Exclusive Books has redesigned its flagship Johannesburg store, with the result breaking “the shackles and restraints of the chain-store mentality” in order to make books “sexy” again.
The South African chain, run by Benjamin Trisk, opened a flagship branch in Hyde Park Corner, Johannesburg, in December 2013. It has just unveiled an extravagant revamp, featuring a restaurant and a panoramic forest view; the refit was masterminded by husband-and-wife architect team Silvio Rech and Lesley Carstens, recruited by Trisk.
Exclusive Books has revamped its Hyde Park Corner, Johannesburg, branch.
The bookshop now has a Social Kitchen & Bar, headed by former Le Gavroche chef Russell Armstrong, a place where “books flow into the restaurant”. Exclusive Books said: “The customer does not know quite where the bookshop ends and where the marvellous new restaurant begins.”
At 1,420 sq m, the venue is three times larger than the average size of Exclusive Books’ 41 other stores (the books section occupies 820 sq m) and it boasts a 40-metre span of glass, enabling visitors to overlook Johannesburg’s “glorious” urban forest.
The store is three times larger than the average size of Exclusive Books.
Trisk “persuaded” Rech and Carstens to work on retail design concepts for Exclusive Books, and the company said the ensuing partnership was “a collision of style”. “Trisk wants design so that he can sell stuff; Silvio and Lesley want design that puts form ahead of function.

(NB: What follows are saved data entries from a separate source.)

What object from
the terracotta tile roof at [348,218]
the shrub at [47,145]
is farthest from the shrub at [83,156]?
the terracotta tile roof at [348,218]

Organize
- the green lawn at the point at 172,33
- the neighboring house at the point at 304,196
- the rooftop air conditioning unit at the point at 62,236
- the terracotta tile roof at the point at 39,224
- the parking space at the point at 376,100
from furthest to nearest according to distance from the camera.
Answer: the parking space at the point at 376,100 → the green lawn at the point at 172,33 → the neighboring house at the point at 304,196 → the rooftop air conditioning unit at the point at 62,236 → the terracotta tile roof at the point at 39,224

But both agree that the cookie-cutter approach to chain-store design is outmoded,” Exclusive Books said.
The shop has a panoramic view.
The Social Kitchen & Bar, featuring an expanse of wooden tables, serves fine food among shelves displaying some 70,000 different titles. “Trisk wants stores that make books sexy but that carry the cultural heart of Exclusive Books from development to development, always seeking to break the shackles and restraints of the chain store mentality,” Exclusive said, adding that the result was an “extraordinary space” with “every tile, every piece of parquet in place for a reason”.

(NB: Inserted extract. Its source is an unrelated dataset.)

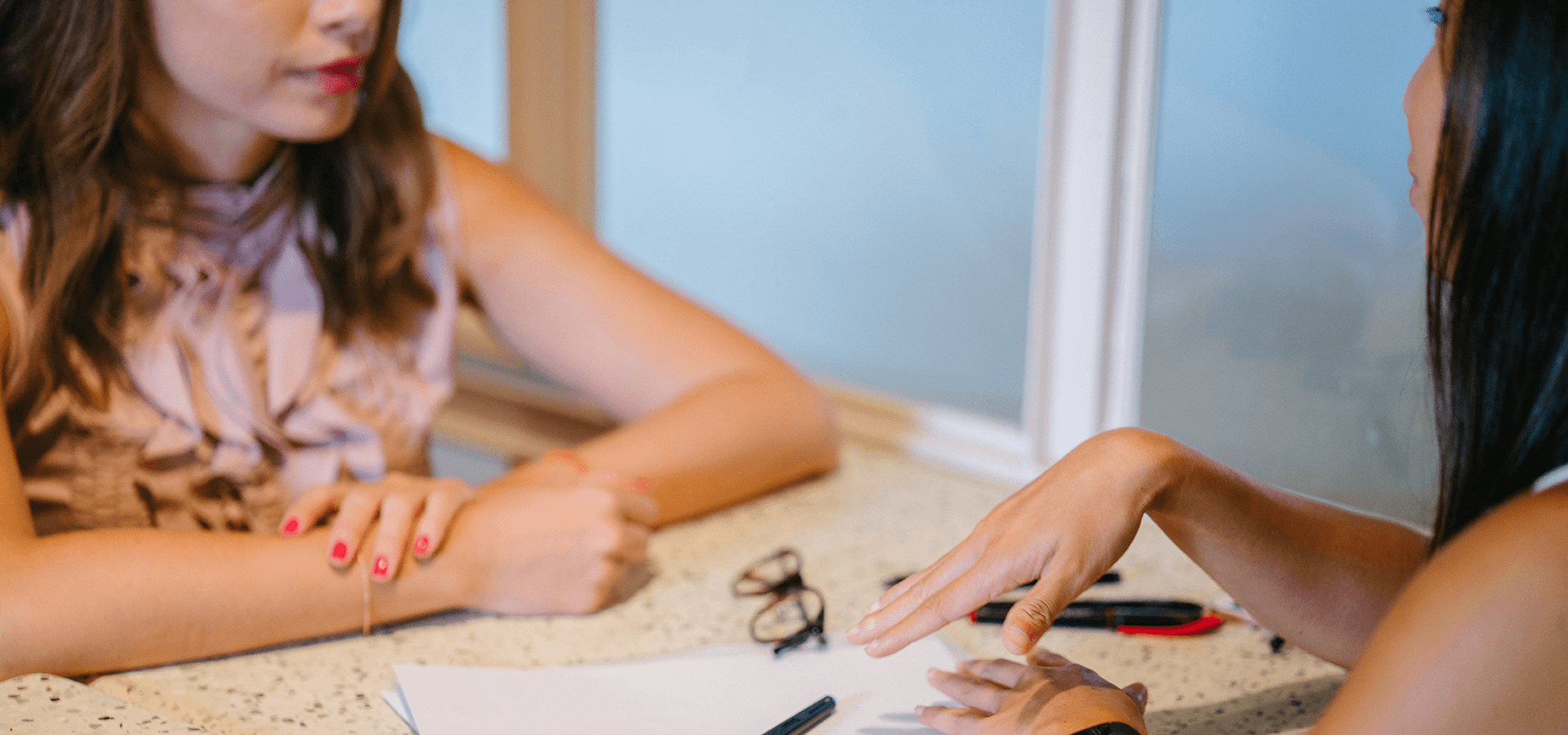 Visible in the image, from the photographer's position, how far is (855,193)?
55.6 inches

The Social Kitchen & Bar serves fine food.
The rejuvenated store will have an official opening at the end of January, but Trisk told The Bookseller the new concept has already proved successful, with book sales up year on year by 20%–30% since the store reopened.
This branch will now be a blueprint for the chain’s future stores. “I have the sense to do this . . . so as long as the shareholders have the money to do it, I will do it,” Trisk said. The literature enthusiast also revealed that he was looking into expanding the chain abroad. “I do not know about the UK, but we would like to open in Europe,” he said. “The countries to the east of Germany particularly interest me—Romania, Hungary, Austria—as does Florence, possibly Barcelona, maybe San Francisco.”
The coffee bar includes cracks in the white tile that are filled with gold leaf.
The coffee bar has white tiles that have been broken with a hammer, with the cracks filled in with gold leaf. Inspired by Anahi, an Argentinian restaurant in Paris, Trisk said he wanted “less regularity and something that spoke more of imperfection” in the shop. As for the restaurant, Exclusive Books said the idea made sense because great food and great literature were natural bedfellows: “Dinners should be convivial experiences where conversation flows around the food and around the thousands of ideas that hurl themselves at guests from every cover, from every spine.”
Trisk bought Exclusive Books in 2013 with investor Mark Barnes (now chairman), and backed by Global Capital Proprietary Ltd, for around R90m (£5m). He first worked for the firm in 1978.
The shop displays some 70,000 titles.